Thank you.
My name is Daina Proctor. I'm the Canadian cybersecurity executive with IBM Canada, and it's a pleasure to be with you today speaking on the topic of Bill C-26.
There are three items that I would like to talk about with you today.
The first one is clarifying the core definitions within Bill C-26. Currently, Bill C-26 leaves much of the scope of the legislation to regulations. We believe it's critical to clarify the scope and the definitions in the legislation itself rather than delegate to the regulatory processes. Key terms used in the proposed law, such as “designated operators”, “confidential information” and “security incident”, are either too broadly described or not adequately articulated. We believe this committee should aim to address these definitions as much as possible, as this will enable a common understanding, increase enforceability and speed up the review when it comes time to draft the ensuing regulations.
Second is alignment with international standards. Canada's strategy and approach should be inserted into the collective efforts of our international community. As drafted, Bill C-26 carries various provisions that are not aligned with other mature cybersecurity regimes. The legislation does not differentiate between security levels of breaches. Furthermore, it includes potential incidents within the scope of its incident-reporting obligations, which could serve to overwhelm regulators with unnecessary and unhelpful information and place an unnecessary burden on industry.
The legislation's “immediate” reporting of cyber incidents, without a formal definition as to what would constitute “immediate”, is also problematic. Most jurisdictions allow for a 72-hour reporting window to allow injured parties to understand what has transpired, which in turn ensures that regulators receive a comprehensive report about actual findings.
The court has unfettered and overly broad jurisdiction when, under an act, it can impose criminal conviction, imprisonment terms, uncapped fines and personal liability, with administrative monetary penalties in the amount of $15 million that can accrue. This represents an entirely new regime and significant penalties far above those under other comparable pieces of legislation. The severity of such penalties and the enforcement action that may be taken will invariably create a chilling effect. Respectfully, the enforcement action that may be taken against individuals should be removed, or to the extent that such liability is considered necessary and proportionate, at a minimum there should be a defined standard to demonstrate the objective and substantiated culpability.

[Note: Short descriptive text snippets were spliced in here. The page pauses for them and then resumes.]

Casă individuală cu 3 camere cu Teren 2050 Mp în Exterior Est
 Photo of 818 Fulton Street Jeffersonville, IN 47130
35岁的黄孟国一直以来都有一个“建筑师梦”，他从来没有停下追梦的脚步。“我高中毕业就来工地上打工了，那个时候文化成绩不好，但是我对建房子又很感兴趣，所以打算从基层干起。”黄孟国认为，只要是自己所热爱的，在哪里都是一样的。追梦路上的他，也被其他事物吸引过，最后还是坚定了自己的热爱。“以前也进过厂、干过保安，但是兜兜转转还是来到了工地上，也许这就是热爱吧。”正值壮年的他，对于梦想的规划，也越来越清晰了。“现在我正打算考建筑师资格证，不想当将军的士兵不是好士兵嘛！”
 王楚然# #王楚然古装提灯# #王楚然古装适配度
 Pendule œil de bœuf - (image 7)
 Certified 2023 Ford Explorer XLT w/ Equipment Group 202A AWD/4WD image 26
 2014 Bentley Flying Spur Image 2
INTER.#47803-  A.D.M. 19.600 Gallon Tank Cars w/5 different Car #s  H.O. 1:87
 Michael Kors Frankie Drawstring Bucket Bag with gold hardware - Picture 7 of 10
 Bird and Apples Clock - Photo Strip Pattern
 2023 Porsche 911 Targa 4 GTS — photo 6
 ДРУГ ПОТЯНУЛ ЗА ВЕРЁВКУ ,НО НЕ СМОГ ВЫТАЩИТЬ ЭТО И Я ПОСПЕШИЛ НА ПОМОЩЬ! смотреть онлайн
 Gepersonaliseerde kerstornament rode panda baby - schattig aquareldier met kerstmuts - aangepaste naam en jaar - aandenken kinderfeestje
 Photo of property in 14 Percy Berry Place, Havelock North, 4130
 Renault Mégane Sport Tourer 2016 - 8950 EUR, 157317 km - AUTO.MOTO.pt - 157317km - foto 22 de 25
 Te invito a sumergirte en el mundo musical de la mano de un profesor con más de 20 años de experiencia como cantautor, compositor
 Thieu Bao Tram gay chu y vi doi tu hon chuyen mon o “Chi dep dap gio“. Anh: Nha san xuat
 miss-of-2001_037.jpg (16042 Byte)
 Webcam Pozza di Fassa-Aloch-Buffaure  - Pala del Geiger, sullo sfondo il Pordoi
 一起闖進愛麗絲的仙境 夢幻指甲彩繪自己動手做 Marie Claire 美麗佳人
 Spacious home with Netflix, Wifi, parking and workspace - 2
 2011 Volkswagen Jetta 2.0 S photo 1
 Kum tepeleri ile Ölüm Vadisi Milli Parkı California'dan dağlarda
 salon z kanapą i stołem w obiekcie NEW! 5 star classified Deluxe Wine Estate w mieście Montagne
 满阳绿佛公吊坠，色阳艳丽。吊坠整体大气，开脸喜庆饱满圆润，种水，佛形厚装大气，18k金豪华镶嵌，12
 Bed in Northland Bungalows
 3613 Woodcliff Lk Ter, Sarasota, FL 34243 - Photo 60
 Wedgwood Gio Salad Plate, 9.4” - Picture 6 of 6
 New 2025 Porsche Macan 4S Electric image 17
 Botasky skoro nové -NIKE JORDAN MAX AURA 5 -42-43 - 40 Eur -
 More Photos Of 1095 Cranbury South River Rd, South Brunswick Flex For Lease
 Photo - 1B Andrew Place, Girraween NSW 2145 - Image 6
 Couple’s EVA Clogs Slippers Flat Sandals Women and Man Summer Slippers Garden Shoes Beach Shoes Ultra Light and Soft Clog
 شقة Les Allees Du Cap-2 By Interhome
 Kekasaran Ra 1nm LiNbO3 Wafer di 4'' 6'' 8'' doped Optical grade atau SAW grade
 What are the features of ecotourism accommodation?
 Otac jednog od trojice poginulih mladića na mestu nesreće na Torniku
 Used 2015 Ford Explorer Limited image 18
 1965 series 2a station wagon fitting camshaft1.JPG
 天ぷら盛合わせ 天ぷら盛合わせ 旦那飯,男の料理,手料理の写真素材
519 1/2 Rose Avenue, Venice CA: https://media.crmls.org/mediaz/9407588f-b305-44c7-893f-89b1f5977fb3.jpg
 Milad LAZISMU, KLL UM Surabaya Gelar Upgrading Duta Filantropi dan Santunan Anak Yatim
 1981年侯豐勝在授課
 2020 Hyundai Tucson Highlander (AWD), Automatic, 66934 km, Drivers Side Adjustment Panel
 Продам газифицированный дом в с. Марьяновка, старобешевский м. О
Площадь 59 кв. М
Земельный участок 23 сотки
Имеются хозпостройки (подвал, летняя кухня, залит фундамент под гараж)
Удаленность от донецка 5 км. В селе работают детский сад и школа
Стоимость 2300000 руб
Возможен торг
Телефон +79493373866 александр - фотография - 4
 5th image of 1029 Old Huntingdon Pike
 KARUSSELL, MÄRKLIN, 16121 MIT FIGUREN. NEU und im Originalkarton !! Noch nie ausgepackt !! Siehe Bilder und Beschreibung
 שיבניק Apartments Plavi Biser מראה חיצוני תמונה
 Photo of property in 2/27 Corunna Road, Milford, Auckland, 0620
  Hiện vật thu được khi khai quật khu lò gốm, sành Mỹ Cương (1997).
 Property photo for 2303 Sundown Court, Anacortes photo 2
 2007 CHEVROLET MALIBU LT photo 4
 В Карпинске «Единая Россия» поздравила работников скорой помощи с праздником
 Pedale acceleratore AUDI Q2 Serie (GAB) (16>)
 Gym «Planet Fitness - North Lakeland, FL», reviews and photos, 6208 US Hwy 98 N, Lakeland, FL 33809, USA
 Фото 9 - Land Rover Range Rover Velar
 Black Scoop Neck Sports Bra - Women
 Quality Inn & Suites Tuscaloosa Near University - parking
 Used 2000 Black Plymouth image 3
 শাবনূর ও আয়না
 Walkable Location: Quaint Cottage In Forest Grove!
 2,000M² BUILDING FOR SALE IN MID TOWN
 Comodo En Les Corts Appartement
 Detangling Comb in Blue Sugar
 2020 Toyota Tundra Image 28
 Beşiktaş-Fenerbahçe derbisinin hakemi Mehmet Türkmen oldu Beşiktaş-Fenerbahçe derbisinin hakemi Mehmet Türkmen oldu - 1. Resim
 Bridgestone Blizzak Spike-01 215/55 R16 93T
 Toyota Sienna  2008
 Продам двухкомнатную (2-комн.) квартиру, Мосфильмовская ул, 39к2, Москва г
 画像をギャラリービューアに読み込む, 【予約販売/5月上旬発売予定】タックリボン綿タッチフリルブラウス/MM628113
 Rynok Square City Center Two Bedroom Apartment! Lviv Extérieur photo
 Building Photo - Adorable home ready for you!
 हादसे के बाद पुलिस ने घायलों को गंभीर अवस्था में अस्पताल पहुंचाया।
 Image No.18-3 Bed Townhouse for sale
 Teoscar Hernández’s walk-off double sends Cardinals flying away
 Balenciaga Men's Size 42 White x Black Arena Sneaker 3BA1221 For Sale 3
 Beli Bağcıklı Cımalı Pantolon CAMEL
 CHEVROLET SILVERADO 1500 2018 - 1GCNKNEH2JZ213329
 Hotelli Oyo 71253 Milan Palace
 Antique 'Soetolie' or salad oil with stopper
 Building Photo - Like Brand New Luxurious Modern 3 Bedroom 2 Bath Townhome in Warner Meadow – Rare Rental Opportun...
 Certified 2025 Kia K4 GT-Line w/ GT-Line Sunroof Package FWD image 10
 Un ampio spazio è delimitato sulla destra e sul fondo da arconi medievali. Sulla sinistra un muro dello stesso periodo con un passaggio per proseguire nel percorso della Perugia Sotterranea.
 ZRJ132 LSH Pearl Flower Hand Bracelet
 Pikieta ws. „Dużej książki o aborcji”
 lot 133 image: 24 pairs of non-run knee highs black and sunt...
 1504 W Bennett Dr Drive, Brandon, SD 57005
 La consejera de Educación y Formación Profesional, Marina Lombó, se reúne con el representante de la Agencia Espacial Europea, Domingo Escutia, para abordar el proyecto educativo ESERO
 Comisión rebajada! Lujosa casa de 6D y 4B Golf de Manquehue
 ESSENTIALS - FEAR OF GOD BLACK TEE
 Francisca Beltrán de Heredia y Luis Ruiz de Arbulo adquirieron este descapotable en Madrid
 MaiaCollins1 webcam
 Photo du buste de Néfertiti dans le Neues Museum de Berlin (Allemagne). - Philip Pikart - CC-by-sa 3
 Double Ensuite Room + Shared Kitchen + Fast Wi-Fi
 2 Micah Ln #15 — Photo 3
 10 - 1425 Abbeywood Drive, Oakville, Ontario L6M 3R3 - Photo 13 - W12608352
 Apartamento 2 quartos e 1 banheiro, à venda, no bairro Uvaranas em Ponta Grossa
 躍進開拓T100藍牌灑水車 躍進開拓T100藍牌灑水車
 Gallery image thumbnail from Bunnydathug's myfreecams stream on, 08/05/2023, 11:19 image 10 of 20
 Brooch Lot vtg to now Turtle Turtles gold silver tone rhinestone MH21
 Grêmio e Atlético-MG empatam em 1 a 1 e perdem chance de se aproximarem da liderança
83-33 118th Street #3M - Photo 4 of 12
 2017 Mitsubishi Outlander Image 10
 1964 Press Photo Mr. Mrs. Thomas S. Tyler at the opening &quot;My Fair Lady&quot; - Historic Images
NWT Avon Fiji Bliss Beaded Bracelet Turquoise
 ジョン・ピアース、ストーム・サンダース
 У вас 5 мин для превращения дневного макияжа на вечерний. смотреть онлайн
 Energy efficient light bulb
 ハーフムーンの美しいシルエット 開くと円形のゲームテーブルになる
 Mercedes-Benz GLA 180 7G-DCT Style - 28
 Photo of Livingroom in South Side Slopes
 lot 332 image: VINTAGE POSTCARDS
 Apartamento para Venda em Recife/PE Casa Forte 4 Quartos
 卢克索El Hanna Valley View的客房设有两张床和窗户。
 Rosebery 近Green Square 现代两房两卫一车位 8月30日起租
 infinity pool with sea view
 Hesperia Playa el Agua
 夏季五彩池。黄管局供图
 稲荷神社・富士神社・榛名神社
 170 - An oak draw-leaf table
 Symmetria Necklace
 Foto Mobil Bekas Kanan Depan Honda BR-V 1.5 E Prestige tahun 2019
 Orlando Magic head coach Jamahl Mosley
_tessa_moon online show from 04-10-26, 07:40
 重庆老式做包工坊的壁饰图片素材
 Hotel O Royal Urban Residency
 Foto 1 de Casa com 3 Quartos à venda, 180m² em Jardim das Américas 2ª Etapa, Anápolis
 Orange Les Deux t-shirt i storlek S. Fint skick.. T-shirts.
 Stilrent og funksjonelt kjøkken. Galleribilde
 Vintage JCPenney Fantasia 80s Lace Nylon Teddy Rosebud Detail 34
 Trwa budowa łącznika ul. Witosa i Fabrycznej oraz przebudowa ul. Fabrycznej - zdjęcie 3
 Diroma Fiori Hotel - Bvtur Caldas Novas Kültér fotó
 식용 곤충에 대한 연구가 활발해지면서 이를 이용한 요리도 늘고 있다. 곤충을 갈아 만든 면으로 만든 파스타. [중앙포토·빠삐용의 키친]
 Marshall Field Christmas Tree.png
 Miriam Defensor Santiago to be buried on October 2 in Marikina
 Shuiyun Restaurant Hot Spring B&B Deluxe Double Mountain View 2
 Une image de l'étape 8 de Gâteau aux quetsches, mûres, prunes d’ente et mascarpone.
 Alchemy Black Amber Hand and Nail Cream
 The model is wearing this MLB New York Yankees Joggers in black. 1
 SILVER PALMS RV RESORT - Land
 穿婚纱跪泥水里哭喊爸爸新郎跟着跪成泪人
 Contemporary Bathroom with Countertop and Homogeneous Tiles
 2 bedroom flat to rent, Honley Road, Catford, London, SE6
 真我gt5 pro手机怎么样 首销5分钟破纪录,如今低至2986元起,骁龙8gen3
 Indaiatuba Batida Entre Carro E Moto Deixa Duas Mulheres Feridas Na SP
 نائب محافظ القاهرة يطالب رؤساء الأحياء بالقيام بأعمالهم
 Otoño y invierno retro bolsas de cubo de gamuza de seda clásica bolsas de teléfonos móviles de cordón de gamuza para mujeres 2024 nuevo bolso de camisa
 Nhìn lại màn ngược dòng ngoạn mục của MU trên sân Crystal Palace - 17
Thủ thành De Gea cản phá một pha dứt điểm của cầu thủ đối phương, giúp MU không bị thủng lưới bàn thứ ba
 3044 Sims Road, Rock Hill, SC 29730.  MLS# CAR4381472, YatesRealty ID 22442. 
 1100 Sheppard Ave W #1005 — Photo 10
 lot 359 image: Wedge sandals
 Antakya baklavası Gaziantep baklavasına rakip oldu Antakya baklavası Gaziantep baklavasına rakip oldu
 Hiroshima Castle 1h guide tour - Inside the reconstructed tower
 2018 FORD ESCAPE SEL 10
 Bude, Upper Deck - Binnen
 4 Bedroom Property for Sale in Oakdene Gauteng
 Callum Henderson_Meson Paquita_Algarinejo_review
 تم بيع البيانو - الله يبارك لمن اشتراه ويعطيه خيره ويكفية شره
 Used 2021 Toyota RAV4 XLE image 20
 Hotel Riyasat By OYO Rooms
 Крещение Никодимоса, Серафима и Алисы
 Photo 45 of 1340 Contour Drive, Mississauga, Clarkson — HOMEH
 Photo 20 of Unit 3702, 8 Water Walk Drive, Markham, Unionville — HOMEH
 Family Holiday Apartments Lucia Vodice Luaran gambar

Last is avoiding government overreach. While IBM recognizes the need for compliance oversight, we specifically suggest clarification and refinement of the authorized powers belonging to the regulatory authority or persons who have the ability to enforce the provisions: namely, the ability to attend facilities, examine documents and records, and mandate internal audits, as well as unilateral broad discretion to impose remedial actions—all of these. We strongly encourage that these regulatory authorities and government access rights be limited in their scope and limited to certain critical situations that meet specific non-compliance thresholds.
In conclusion, IBM believes that the clarity around key definitions, enhanced harmonization with international standards and clear safeguards from potential government overreach would strengthen Bill C-26's mandate.
Thank you for your time. We welcome and look forward to addressing your questions.